Un po’ come il Pink Washing per quanto riguarda l’emancipazione femminile e il Green Washing per quanto concerne l’ambiente, il Rainbow Washing è un sostegno di facciata nei confronti della comunità LGBTQ+ dettato da un tornaconto personale di brand e aziende per aumentare le entrate o il consenso di un determinato target, sfruttando di fatto la nobiltà della causa per fini molto meno nobili. Occhio alla discrepanza tra la comunicazione e le azioni di un brand!
Ad esempio…
- Il controverso caso Barilla. Negli ultimi anni l’azienda ha lanciato adv, packaging e messaggi inclusivi, diventando a tutti gli effetti un brand LGBTQ+ friendly, ma non dimentichiamoci le dichiarazioni del 2013 di Guido Barilla:
“Non faremo pubblicità con omosessuali perché a noi piace la famiglia tradizionale. Se i gay non sono d’accordo, possono sempre mangiare la pasta di un’altra marca. (…) Io rispetto tutti, facciano quello che vogliono senza disturbare gli altri.“
Le dichiarazioni generarono l’indignazione generale e il boicottaggio del brand, che portò qualche mese dopo alle scuse e ad una vera e propria riforma interna all’azienda in favore di inclusività e uguaglianza, adottando azioni concrete mirate all’inclusione. Dopo questo repentino cambio di idea ci viene da pensare: sincero pentimento o astuta mossa commerciale?
- L’incoerenza di Primark. Nel 2018 Primark lancia una collezione dedicata al Pride, composta di t-shirt, cappellini e altri articoli a tema rainbow, di cui il 20% degli incassi destinati all’associazione britannica anti-discriminazioni Stonewall. Tutto molto bello, se non fosse che Primark produce i suoi capi in Turchia, Birmania e Bangladesh, alcuni tra i paesi con il più alto tasso di discrimi- nazioni omofobe, in cui la libertà di parola ed espressione non sono rispettati, e in cui l’omosessualità è ancora punita con la reclusione, finanziando di fatto l’omofobia dilagante di tali Paesi.

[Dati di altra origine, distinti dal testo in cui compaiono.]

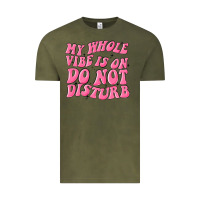 Vintage Olive my whole vibes on do not disturb Vintage Tee - MaliasSmallBusiness
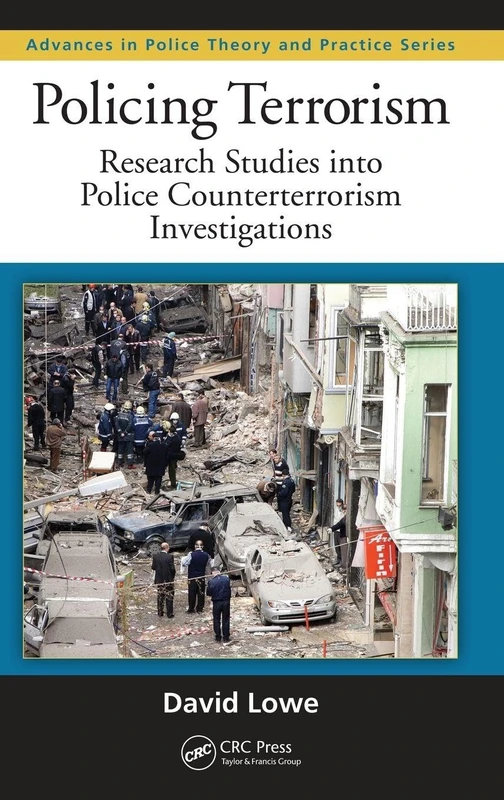 Policing Terrorism: Research Studies into Police Counterterrorism Investigations: 24 (Advances in Police Theory and Practice)
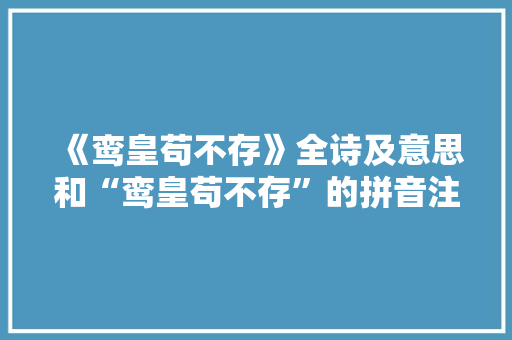 《鸾皇苟不存》全诗及意思和“鸾皇苟不存”的拼音注释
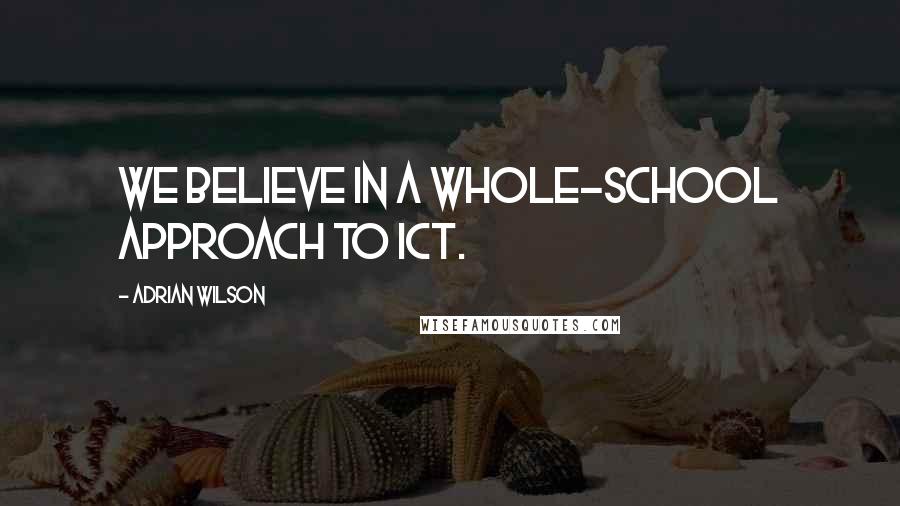 Adrian Wilson Quotes: We believe in a whole-school approach to ICT.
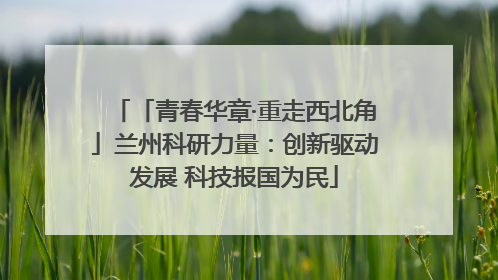 「青春华章·重走西北角」兰州科研力量：创新驱动发展 科技报国为民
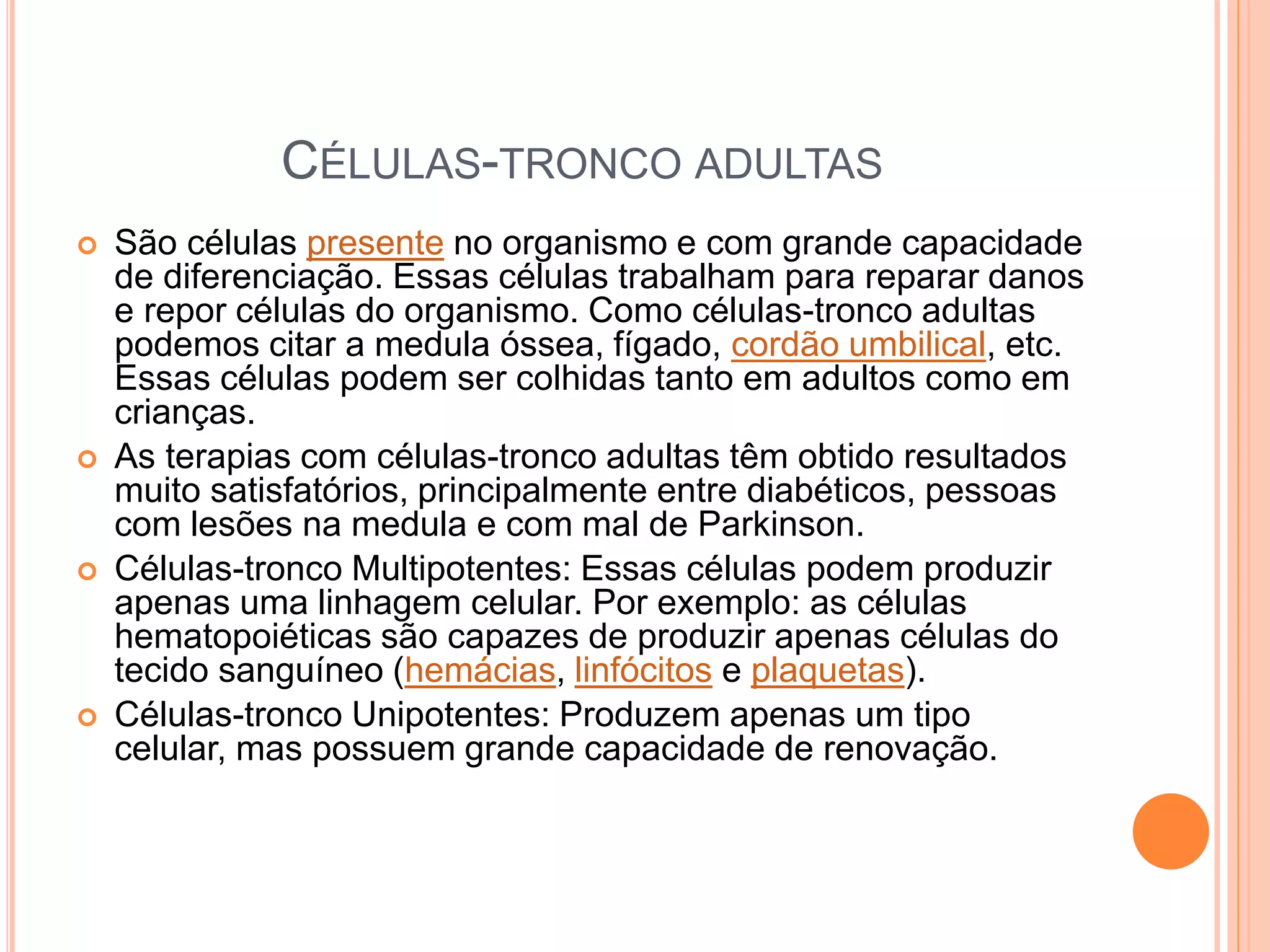 CÉLULAS-TRONCO ADULTAS
 São células presente no organismo e com grande capacidade
de diferenciação. Essas células trabalham para reparar danos
e repor células do organismo. Como células-tronco adultas
podemos citar a medula óssea, fígado, cordão umbilical, etc.
Essas células podem ser colhidas tanto em adultos como em
crianças.
 As terapias com células-tronco adultas têm obtido resultados
muito satisfatórios, principalmente entre diabéticos, pessoas
com lesões na medula e com mal de Parkinson.
 Células-tronco Multipotentes: Essas células podem produzir
apenas uma linhagem celular. Por exemplo: as células
hematopoiéticas são capazes de produzir apenas células do
tecido sanguíneo (hemácias, linfócitos e plaquetas).
 Células-tronco Unipotentes: Produzem apenas um tipo
celular, mas possuem grande capacidade de renovação.
 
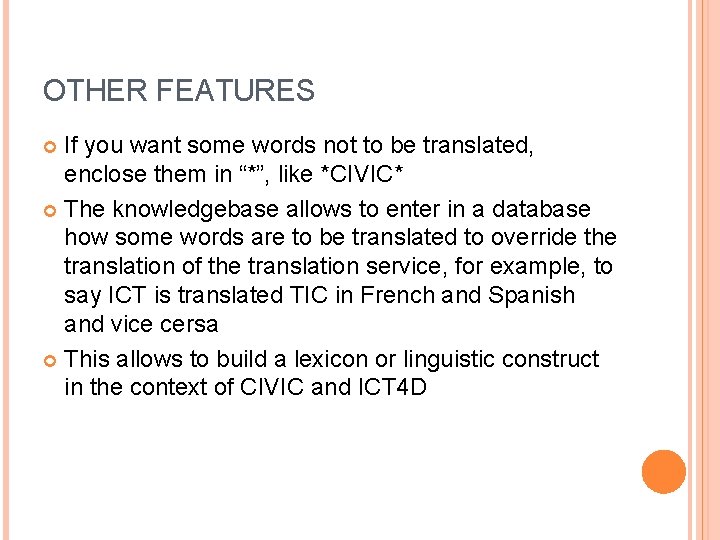OTHER FEATURES If you want some words not to be translated, enclose them in OTHER FEATURES If you want some words not to be translated, enclose them in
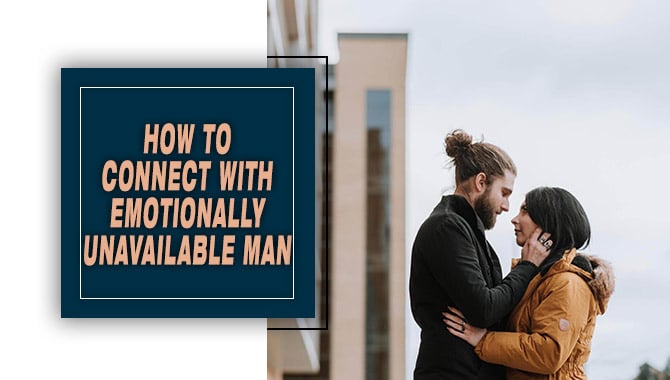 How To Connect With Emotionally Unavailable Man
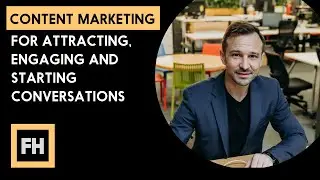 Content Marketing for attracting, engaging and starting conversations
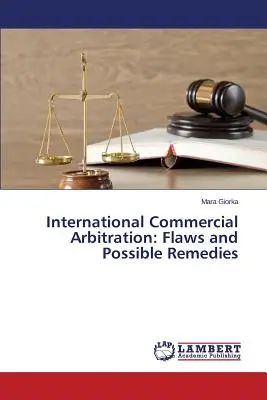 Arbitraje comercial internacional: Defectos y posibles soluciones - International Commercial Arbitration: Flaws and Possible Remedies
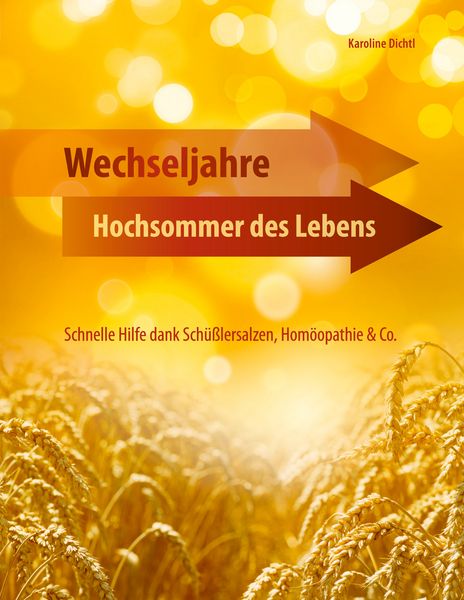 Produktbild: Wechseljahre - Hochsommer des Lebens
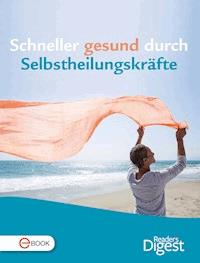 So hilft sich Ihr Körper selbst -  - E-Book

SI POSSONO SUPPORTARE I DIRITTI CIVILI SENZA FARE RAINBOW WASHING?
Certo che si, ad esempio:
- Versace. Da sempre concretamente in prima linea sui diritti civili insieme al fratello Gianni, Donatella Versace è sempre stata un’alleata fin da tempi non sospetti. Dal 2020 collabora con icone LGBTQ+ come Lady Gaga e Cher, donando parte dei ricavati ad associazioni anti-bullismo, in supporto dei diritti LGBTQ+ e per la lotta all’AIDS. Inoltre, dal giugno 2022 Donatella ha fondato The Versace Foundation, un’associazione benefica che mira al supporto e alla conservazione della storia e della cultura Queer e a promuovere uguaglianza, benessere e sicurezza nella comunità.
- IKEA. La campagna “Home Pride Home” con Agedo (associazione di genitori e amici di persone LGBTQ+), definiva la casa come il luogo dell’inclusione evidenziando l’importanza del contesto familiare e sociale. L’attenzione di IKEA verso questi temi è decisamente genuina; l’azienda è molto inclusiva verso i suoi dipendenti, adottando politiche di protezione verso le minoranze, a tal punto che ogni Paese ha un ambassador che si occupa al 100% di Diversity. Oltre a collaborare con numerose associazioni filantropiche, ha un piano di inclusione LGBTQ+ globale e ha co-creato e sostenuto gli Standard di condotta delle Nazioni Unite sulla gestione della discriminazione contro le persone LGBT+ nell’ambiente di lavoro e nella comunità.